Opened 10 years ago

Closed 10 years ago

Last modified 10 years ago

#9302 closed Bug report (wontfix)

Filezilla damages the binary file it transfers when the file has no extension

Reported by: yurivict Owned by:
Priority: low Component: FileZilla Client
Keywords: Cc:
Component version: Operating system type: BSD
Operating system version:

Description

I am trying to transfer the binary file from the remote server to my local directory by dragging and dropping it.

The original file has size 1,855,488 bytes, the resulting file has size 1,855,392, as also reported by filezilla itself.

The file is the binary SQLite database.

The transfer log:
Status: Starting download of /public_html/xxx/includes/xxx
Command: PASV
Response: 227 Entering Passive Mode (198,46,81,146,124,133)
Command: RETR webcal
Response: 150-Accepted data connection
Response: 150 1812.0 kbytes to download
Response: 226-File successfully transferred
Response: 226 2.623 seconds (measured here), 0.68 Mbytes per second
Status: File transfer successful, transferred 1,858,120 bytes in 3 seconds
Status: Disconnected from server

File is always transferred with the same discrepancy (subsequent attempts produce the same wrong version).
The file in question didn't have any extension (no periods in its name). There is 'Default transfer type' option in 'Settings' which was set to 'Auto'. When I selected 'Binary' there, the discrepancy disappeared.

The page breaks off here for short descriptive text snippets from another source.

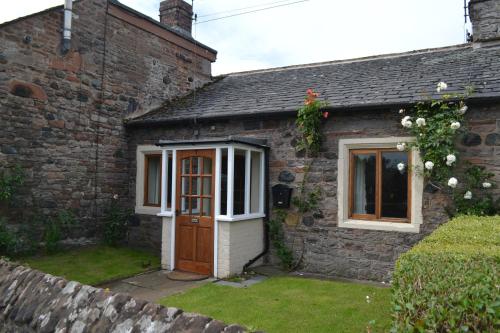 a brick house with a door and a window at Jasmine Cottage, Eamont Bridge in Penrith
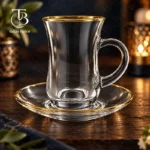فنجان نعلبکی شیشه ای از جنس بلور روی یک میز چوبی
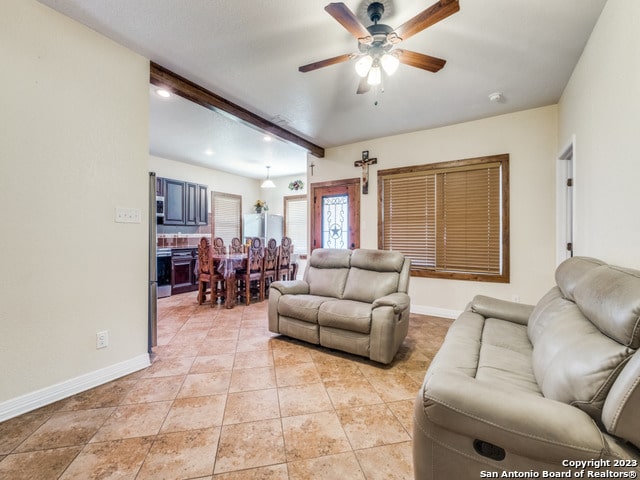 tiled living room featuring beamed ceiling and ceiling fan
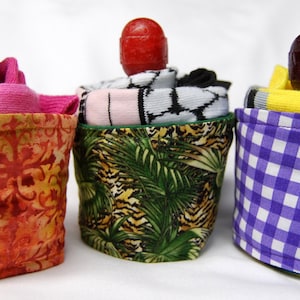 May include: Three fabric covered containers with different patterns. The containers are filled with socks and topped with a decorative ball. The containers are orange with a floral pattern, green with a tropical leaf pattern, and purple with a checkered pattern.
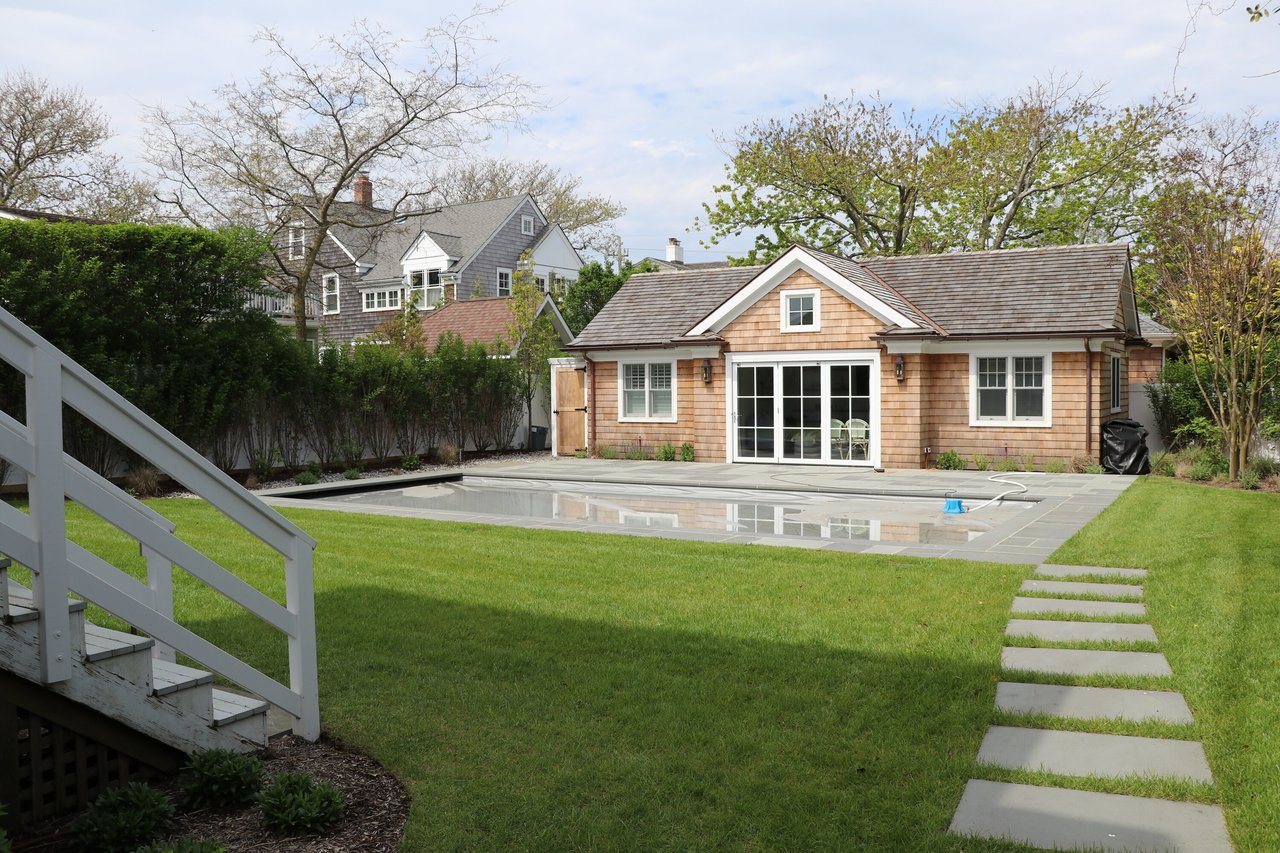 A Classic Bay Header with a Pool House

Another, smaller, SQLite database (290,816 bytes) was transferred correctly. It had a period in its name, but no recognizable extension.

So I believe that filezilla wrongfully defaults the type of file without extension to 'Ascii'.
When the type of file isn't known, and 'Auto' is selected, it should default to 'Binary'.

version 3.6.0.2

Change History (5)

comment:1 by yurivict, 10 years ago

On the second thought:

Filezilla doesn't need to even guess the file type. No need to ever use 'Ascii' type (as FTP supports). There is no benefit to client in doing 'Ascii'. Just do 'Binary' on all files, remove this option 'Default transfer type' in 'Settings' screen.

It will be simpler, and no loss of functionality.

FTP had this Ascii option added in ancient times, they thought it will be useful, but it turned out to be redundant. Verbatim transfer is sufficient in all practical cases.

comment:2 by Tim Kosse, 10 years ago

Resolution: wontfix
Status: newclosed

As long as notepad.exe, Windows' default text editor, cannot handle Unix-style line endings, this won't be changed.

comment:3 by Tim Kosse, 10 years ago

Priority: criticallow

Changed to low priority as Critical is reserved for critical bugs. This bug is not critical as it cannot be exploited and can furthermore be worked around.

comment:4 by yurivict, 10 years ago

Why UNIX users should suffer from this?
Why the default is set to text?

comment:5 by Tim Kosse, 10 years ago

I'm using Unix-style systems, and all the extensionless file I ever transfer are text files.

Knowing that my use case is not the only one, I've added an option to make it configurable how extensionless files are being treated.